━━ THE DATA ━━

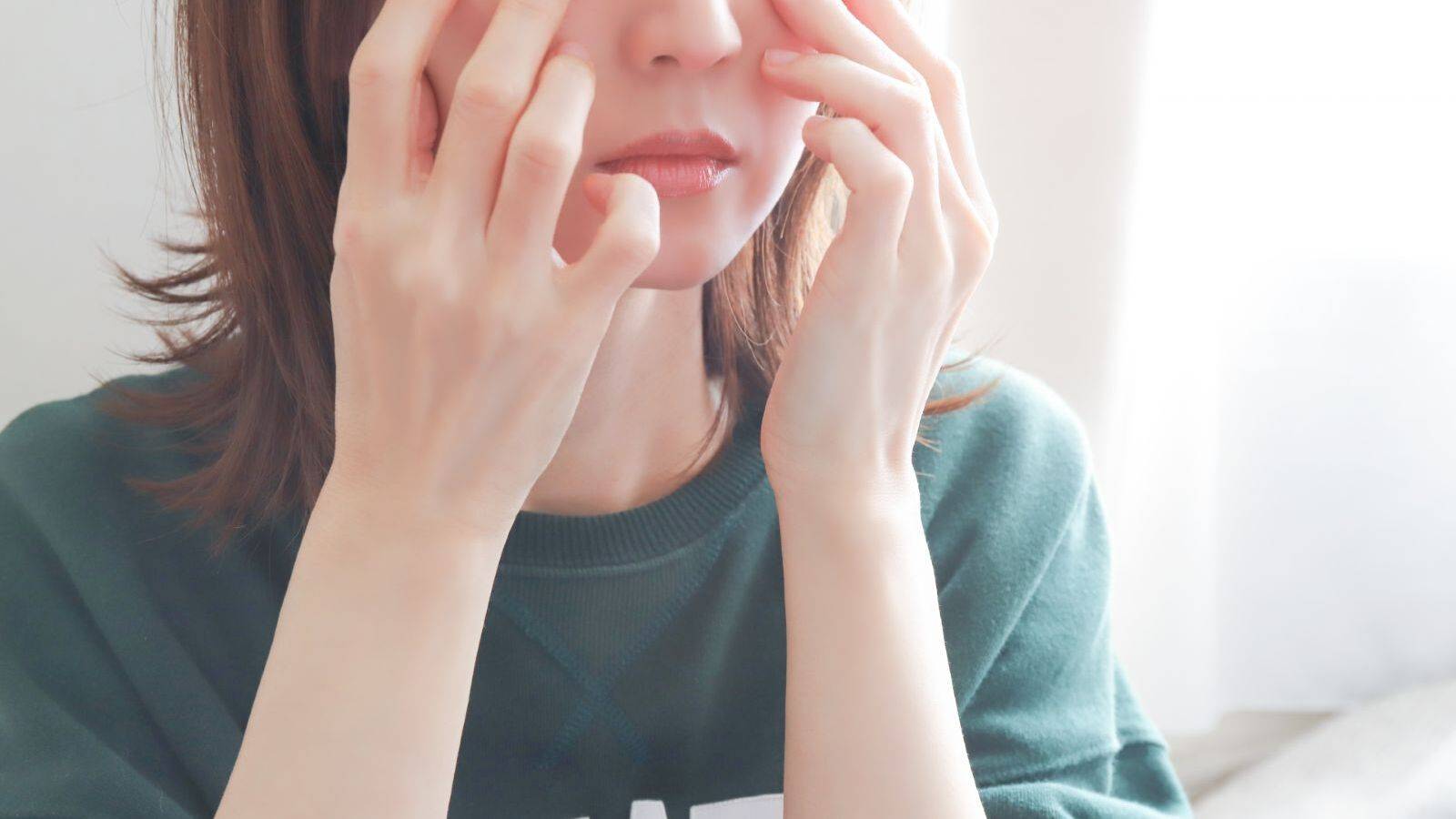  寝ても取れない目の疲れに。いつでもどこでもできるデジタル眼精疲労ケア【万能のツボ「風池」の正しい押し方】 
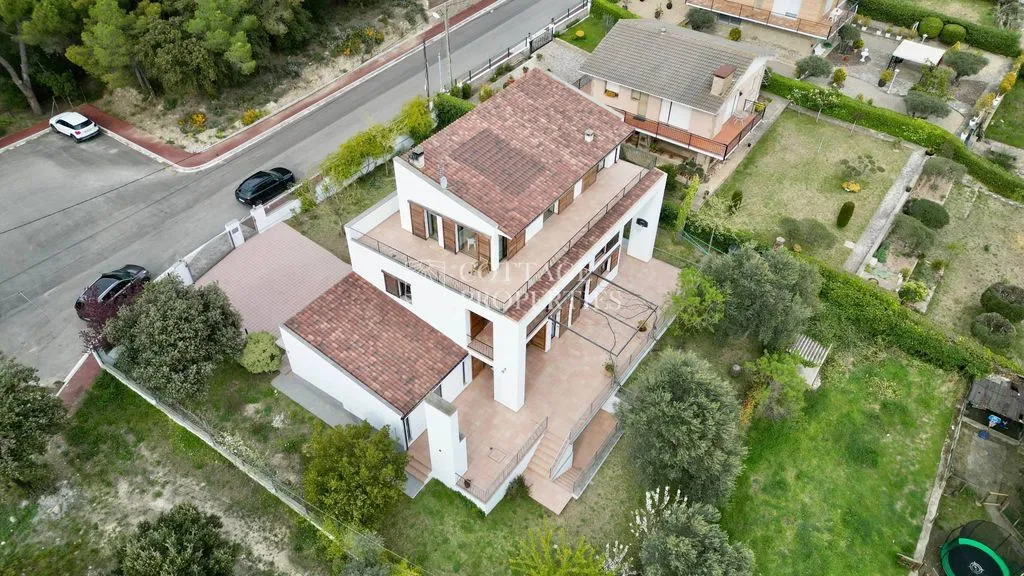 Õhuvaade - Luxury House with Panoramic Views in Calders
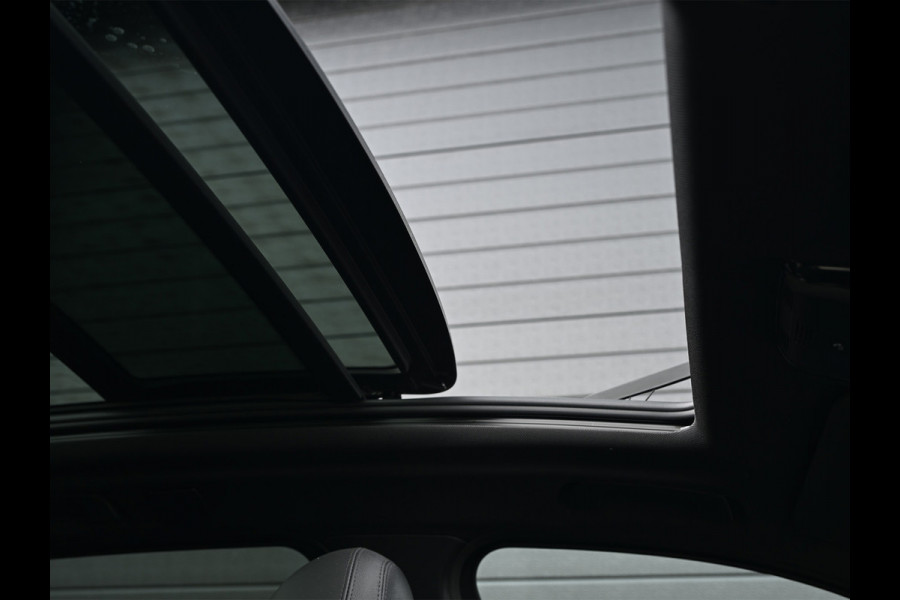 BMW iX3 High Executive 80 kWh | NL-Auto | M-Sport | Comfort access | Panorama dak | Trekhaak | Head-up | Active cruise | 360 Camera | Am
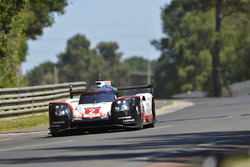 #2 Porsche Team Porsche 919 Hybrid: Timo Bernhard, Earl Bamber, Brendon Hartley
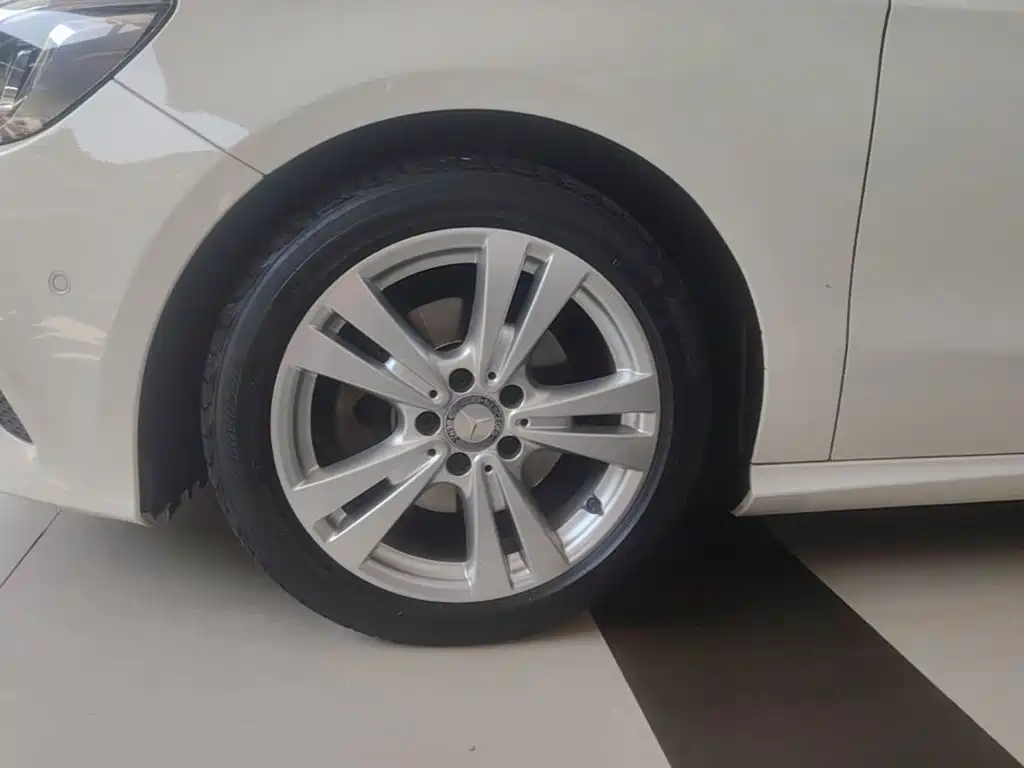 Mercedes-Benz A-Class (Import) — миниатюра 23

━━━
━━ THE DATA ━━

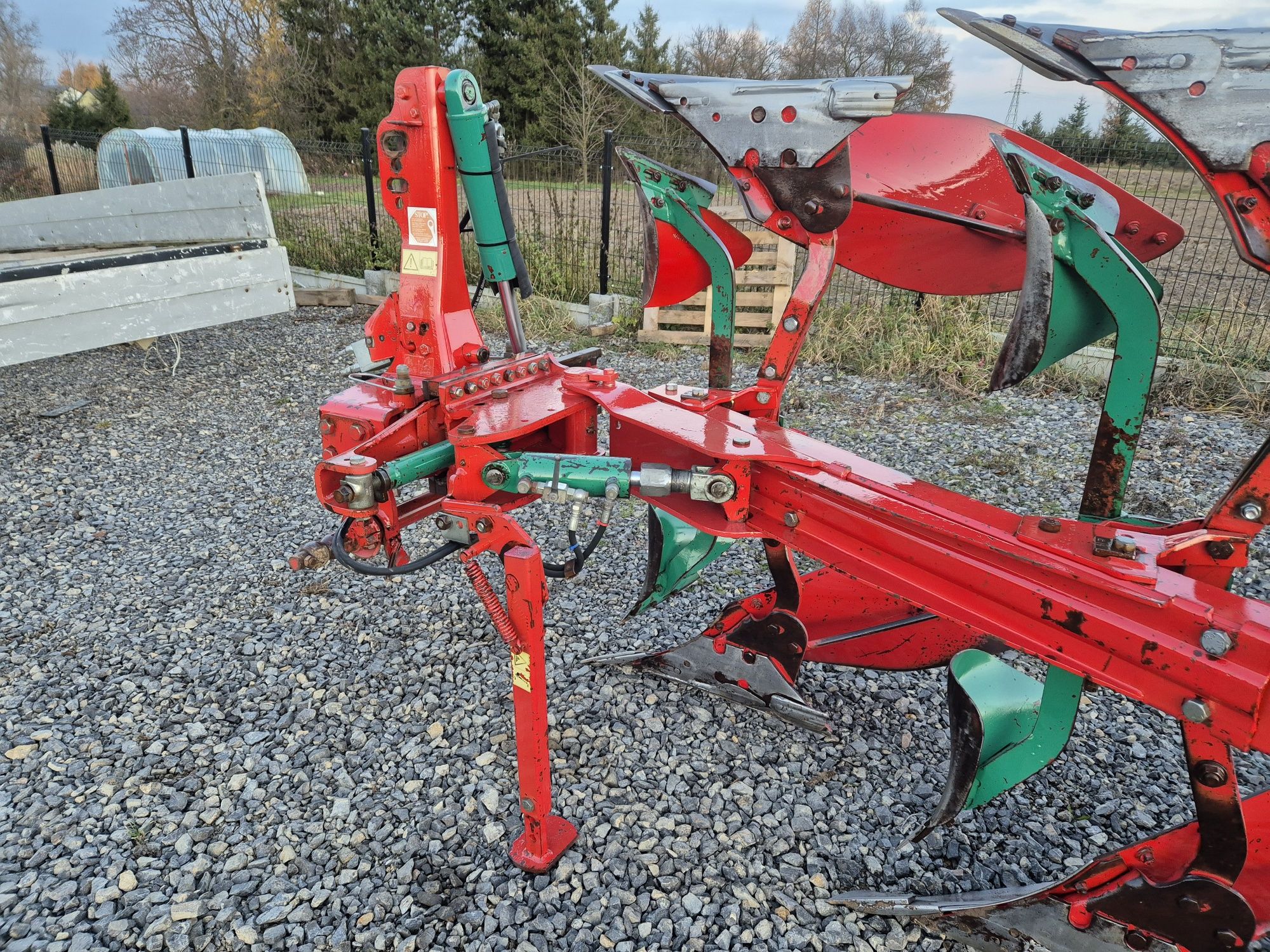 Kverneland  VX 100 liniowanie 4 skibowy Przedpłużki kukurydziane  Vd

━━━

→ TASK REQUIREMENTS: Above are some records; extract exactly the lines from the one containing "寝ても取れない目の疲れに。い" through the one containing "Mercedes-Benz A-Class (Import)" and drop the pictures.

→ WRITTEN SOLUTION:
  寝ても取れない目の疲れに。いつでもどこでもできるデジタル眼精疲労ケア【万能のツボ「風池」の正しい押し方】 
 Õhuvaade - Luxury House with Panoramic Views in Calders
 BMW iX3 High Executive 80 kWh | NL-Auto | M-Sport | Comfort access | Panorama dak | Trekhaak | Head-up | Active cruise | 360 Camera | Am
 #2 Porsche Team Porsche 919 Hybrid: Timo Bernhard, Earl Bamber, Brendon Hartley
 Mercedes-Benz A-Class (Import) — миниатюра 23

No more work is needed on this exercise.